_AIM OF THE EXERCISE_
Return the material below exactly, but only from the line with "Shoulder Handbag - Doodles" through the line with "Poly Rattan Patio", and without its pictures.

_MATERIAL TO PROCESS_
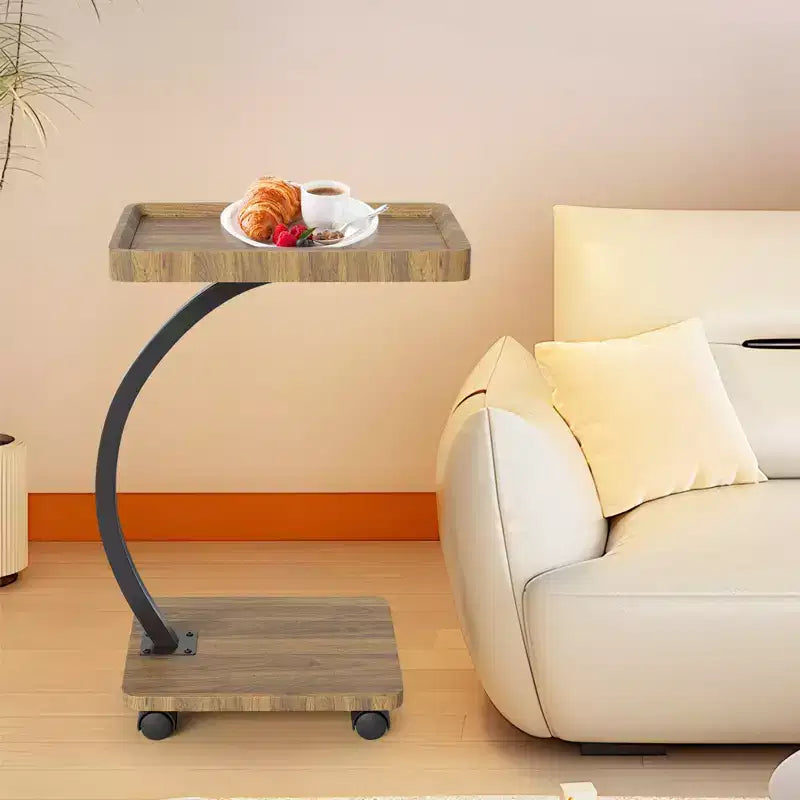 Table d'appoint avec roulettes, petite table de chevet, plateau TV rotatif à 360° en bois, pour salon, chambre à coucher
---
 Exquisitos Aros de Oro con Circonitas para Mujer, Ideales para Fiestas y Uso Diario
==
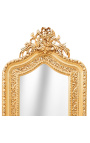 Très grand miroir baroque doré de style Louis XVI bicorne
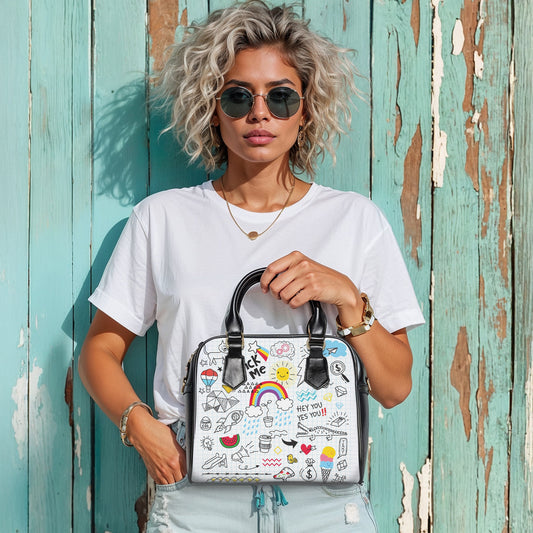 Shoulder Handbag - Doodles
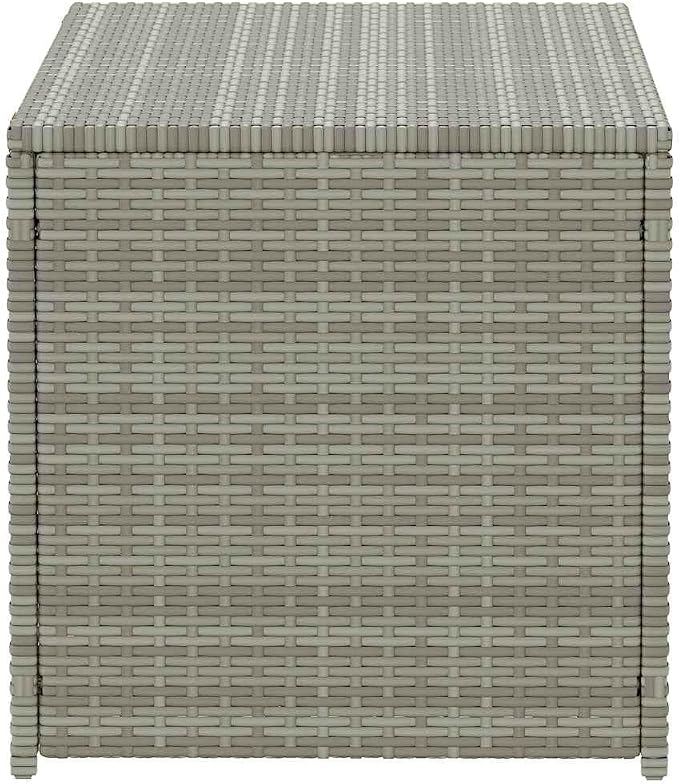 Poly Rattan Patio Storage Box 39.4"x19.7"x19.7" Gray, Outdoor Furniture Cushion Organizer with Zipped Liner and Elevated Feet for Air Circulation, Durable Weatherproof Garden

_TASK OUTPUT_
 Shoulder Handbag - Doodles
 Poly Rattan Patio Storage Box 39.4"x19.7"x19.7" Gray, Outdoor Furniture Cushion Organizer with Zipped Liner and Elevated Feet for Air Circulation, Durable Weatherproof Garden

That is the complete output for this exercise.